WORK INSTRUCTIONS
Give again, word for word, every line below from the one that has "Two businessmen shaking" through the one that has "A buffet with", both included, and no others.

══════

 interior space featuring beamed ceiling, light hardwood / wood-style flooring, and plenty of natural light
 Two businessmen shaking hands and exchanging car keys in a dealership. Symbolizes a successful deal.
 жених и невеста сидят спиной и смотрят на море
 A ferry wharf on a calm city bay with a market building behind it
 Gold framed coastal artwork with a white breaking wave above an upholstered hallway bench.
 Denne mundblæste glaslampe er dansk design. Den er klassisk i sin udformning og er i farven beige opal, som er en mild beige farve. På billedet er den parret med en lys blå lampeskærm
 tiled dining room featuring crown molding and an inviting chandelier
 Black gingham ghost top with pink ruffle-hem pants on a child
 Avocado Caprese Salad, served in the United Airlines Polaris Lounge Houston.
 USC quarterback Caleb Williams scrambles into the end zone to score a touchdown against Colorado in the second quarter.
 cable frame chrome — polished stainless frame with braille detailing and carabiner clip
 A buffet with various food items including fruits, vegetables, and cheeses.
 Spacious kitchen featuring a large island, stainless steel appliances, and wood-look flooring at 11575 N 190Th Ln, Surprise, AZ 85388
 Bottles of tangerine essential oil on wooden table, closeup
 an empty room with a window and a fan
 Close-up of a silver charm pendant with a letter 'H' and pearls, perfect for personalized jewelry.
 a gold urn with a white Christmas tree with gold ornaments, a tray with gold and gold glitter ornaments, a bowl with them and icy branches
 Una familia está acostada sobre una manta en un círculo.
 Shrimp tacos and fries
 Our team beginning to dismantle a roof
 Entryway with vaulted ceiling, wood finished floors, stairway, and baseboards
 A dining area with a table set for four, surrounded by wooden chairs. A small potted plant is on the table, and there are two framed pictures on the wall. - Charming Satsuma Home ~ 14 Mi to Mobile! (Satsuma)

══════

RESULT OF THE TASK
 Two businessmen shaking hands and exchanging car keys in a dealership. Symbolizes a successful deal.
 жених и невеста сидят спиной и смотрят на море
 A ferry wharf on a calm city bay with a market building behind it
 Gold framed coastal artwork with a white breaking wave above an upholstered hallway bench.
 Denne mundblæste glaslampe er dansk design. Den er klassisk i sin udformning og er i farven beige opal, som er en mild beige farve. På billedet er den parret med en lys blå lampeskærm
 tiled dining room featuring crown molding and an inviting chandelier
 Black gingham ghost top with pink ruffle-hem pants on a child
 Avocado Caprese Salad, served in the United Airlines Polaris Lounge Houston.
 USC quarterback Caleb Williams scrambles into the end zone to score a touchdown against Colorado in the second quarter.
 cable frame chrome — polished stainless frame with braille detailing and carabiner clip
 A buffet with various food items including fruits, vegetables, and cheeses.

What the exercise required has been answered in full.